A covariant Stinespring theorem

TL;DR

This paper establishes a finite-dimensional covariant Stinespring theorem for compact quantum groups, extending classical results to a quantum group setting with categorical and algebraic structures.

Contribution

It introduces a covariant Stinespring theorem for compact quantum groups within a categorical framework, generalizing classical dilation results to quantum symmetries.

Findings

Finite-dimensional G-C*-algebras correspond to 1-morphisms in a module category.

Covariant CP maps can be dilated to isometries with a unique minimal environment.

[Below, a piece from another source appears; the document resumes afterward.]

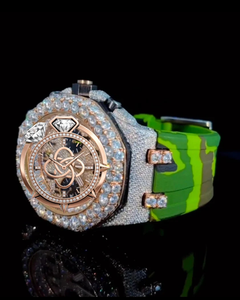 Reloj de Pulsera de Lujo con Moissanita para Hombre, con Incrustaciones de Piedras, de Acero Inoxidable, con Diamantes - Product Image 3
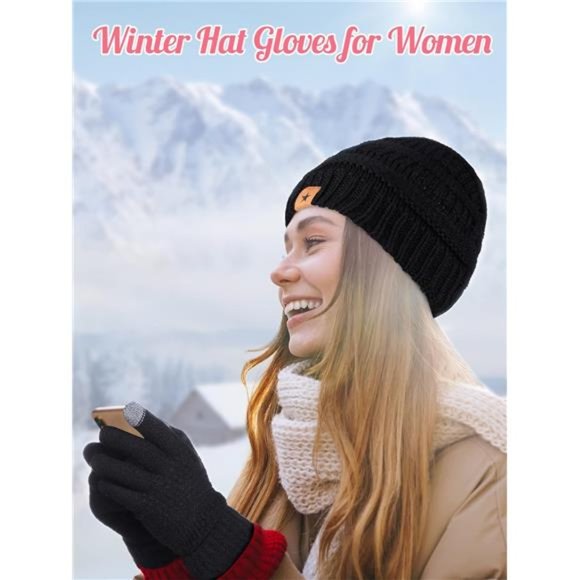 6 Pcs Winter Hats Gloves Set for Women and Men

Recovers classical covariant Stinespring theorems when G is a compact group.

Abstract

We prove a finite-dimensional covariant Stinespring theorem for compact quantum groups. Let G be a compact quantum group, and let T:= Rep(G) be the rigid C*-tensor category of finite-dimensional continuous unitary representations of G. Let Mod(T) be the rigid C*-2-category of cofinite semisimple finitely decomposable T-module categories. We show that finite-dimensional G-C*-algebras can be identified with equivalence classes of 1-morphisms out of the object T in Mod(T). For 1-morphisms X: T -> M1, Y: T -> M2, we show that covariant completely positive maps between the corresponding G-C*-algebras can be 'dilated' to isometries t: X -> Y \otimes E, where E: M2 -> M1 is some 'environment' 1-morphism. Dilations are unique up to partial isometry on the environment; in particular, the dilation minimising the quantum dimension of the environment is unique up to a unitary. When G is a compact group this recovers previous covariant Stinespring-type theorems.